在野神道人の側からも批判があった『國體の本義』 ~「国教的影響力」をもつと考へたのは、キリスト者の過重評価~ 皇紀2684年

 戦時(大東亜戦争)思想の官憲的統制として神道指令本文でも特に明記されて、後世にまで最も有名なのに、文部省が編纂した『國體の本義』がある。これは政府が、混乱する国民思想、神国思想の調整を考へて編集したものらしいが、その頃の官立大学系学者などの国家精神史、国民道徳論の各流(神道、仏教、特に儒学系)の諸説の間の論争点を避けて一致調整を試みたやうなものである。
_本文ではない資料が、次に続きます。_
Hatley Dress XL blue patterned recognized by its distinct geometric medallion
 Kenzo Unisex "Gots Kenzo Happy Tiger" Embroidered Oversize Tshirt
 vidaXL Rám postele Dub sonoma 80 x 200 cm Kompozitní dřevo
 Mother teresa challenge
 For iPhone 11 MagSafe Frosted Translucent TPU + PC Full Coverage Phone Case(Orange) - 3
官憲の財力で、大量の出版をしたではあらうが、格別に神道諸学の間の不一致の問題点などには触れない事に気を配って書かれた一般通俗書だっただけに、人心に格別に深い感動を与へ得るものではなかった。
 最もこの書が、神儒仏の三道を書いてその綜合を求めてゐるので、キリスト者の中には、これを新しい「国教制定」への試みと推測した者もあったらしく、その影響もあったものか、占領後の神道指令では、特にこの書名を挙げて禁書としてゐる。田川大吉郎著『国家と宗教』によれば、林銑十郎首相が、予てから「大道社」の熱心家だったので強い疑念をもって反キリスト「国教制度」の計画だったと推測してゐる。大道社といふのは、明治中期の所謂在家仏教の思想運動として、最も有名で、反キリスト教に熱烈で「神儒仏の綜合」をもって国教を固める主張をした大きな勢力であった。その会長は、初めは山岡鉄舟、二代目が鳥尾得庵、会員は三万五千だったが機関誌『大道叢誌』の執筆は論法鋭く、一般知識人にも愛読者が多く、一時期にはキリスト教、欧化風潮に対して、日本主義の「政教社」と並んで、最も強大な脅威を感じさせた思想言論活動を展開した。昭和時代には、あまり勢力は残存してゐなかったが、林銑十郎は個人的に熱心な大道社三代の会長川合清丸主義の信奉者だった。明治以来のキリスト教防衛史について強い関心のあった田川大吉郎が、大道社の熱心家、林銑十郎が首相となり、文部大臣を兼任した時に、神経質になったのは無理でない。彼は、「國體の本義」は、林首相によって推進されたと「推測」してゐる。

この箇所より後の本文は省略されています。